Fevereiro, dia 10: Ensaio parcial de peça castelhana UNA NOCHE EN CALATAYUD, e a CAVALARIA RUSTICANA.
Dia 12: Ensaio da cegada carnavalesca, na sede dos Amadores, para saída durante o Entrudo, tocando-se três ordinários passo-doble, dois quaternários e uma valsa. O grupo era regido pelo 1.º trompete de Montemor.
Dias 15 e 16, Rei Carnaval: Saída da cegada funambulesca IMPERIAL DO VASO, composta por 18 figuras, sendo doze executantes, a qual foi considerada a mais excêntrica que percorreu as ruas da cidade. Em percurso tocaram-se as marchas da Real Casa Pia Eborense,SPEARMIT e O ARGONAUTA; na ssociedade, a valsa SEVILHA, as ALFACINHAS e O CIGANO.
Disposição dos elementos: Pat e Patachon, respectivamente, Almeida e Caixeirinha (muito parecidos com os originais); Jaime Galinha, vestido de mulher, pandeireta; Miguel Ramalho, patachon mais velho e outro personagem muito bem caracterizado, pandeiretas; Inácio Roque, saxofone barítono, de matrafona; Ilhéu, bombardino, de clown; Nicolau, clavicórdio, de madona antiga; Roque, trompa, de romeira; Plácido, clarinete, de mulher excêntrica; Aleixo, clarinete, dama do Séc.XVIII; Silva, clarinete, de matrafona; Barradas, saxofone-sopra- no, de senhora da alta roda; Heliodoro, bombeiro, de judeu errante; Paco, pratos, de espanhola; Modesto, caixa, de plebeu antigo; meu irmão Otelo, porta bandeira, clarinete; e eu, finalmente, também clarinetista, mascarado de oficial de marinha.
Dia 17, fim do Entrudo: A Banda IMPERIAL DO VASO, terminou a sua actuação brincalhona, percorrendo as principais ruas da cidade, praticamente com a mesma composição, desta feita envergando lençóis e fitas coloridas, imitando albornozes árabes e com outras excentricidades, o que foi motivo de muita galhofa popular.

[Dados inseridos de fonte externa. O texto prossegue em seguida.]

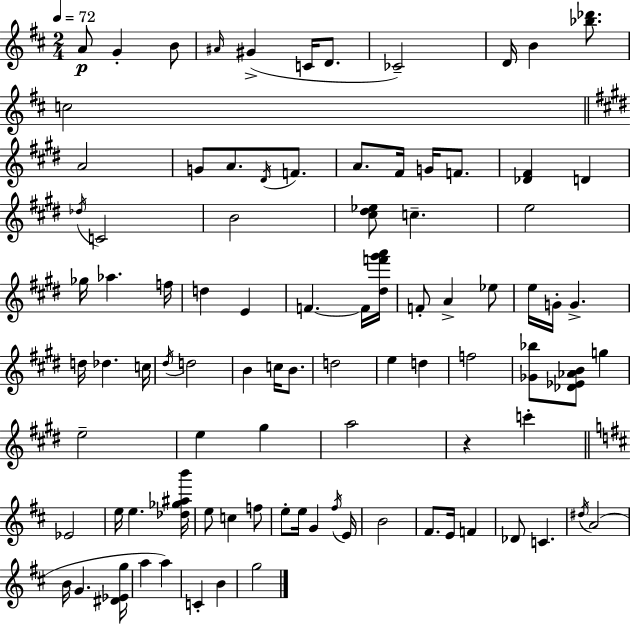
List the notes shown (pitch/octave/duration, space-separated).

Aceitavam-se gratificações voluntárias, as quais renderam 380$00, e se gastaram numa patuscada monumental.
Dia 25: Inspecção da Arma de Artilharia Ligeira N.º 1, na qual fiquei apurado simultaneamente com mais quatro mancebos voluntários, inscrito na 1.ª Bateria, unidade onde cumpri o serviço militar como recruta, praça pronta de condutor e de 1.º cabo, durante três anos. Exercitei três instruções normais, uma transferência temporária para Artilharia N.º 3 de Lisboa (após a Revolução de Agosto de 1931); tirei a especialidade de sinaleiro de transmissões do alfabeto orográfico; frequência das escolas regimentais; compus alguns álbuns didácticos desenhados; e, finalmente, dirigi a oficina regimental de barbearia, o que me libertou de muitas rondas, patrulhas nocturnas e outros serviços do quotidiano militar.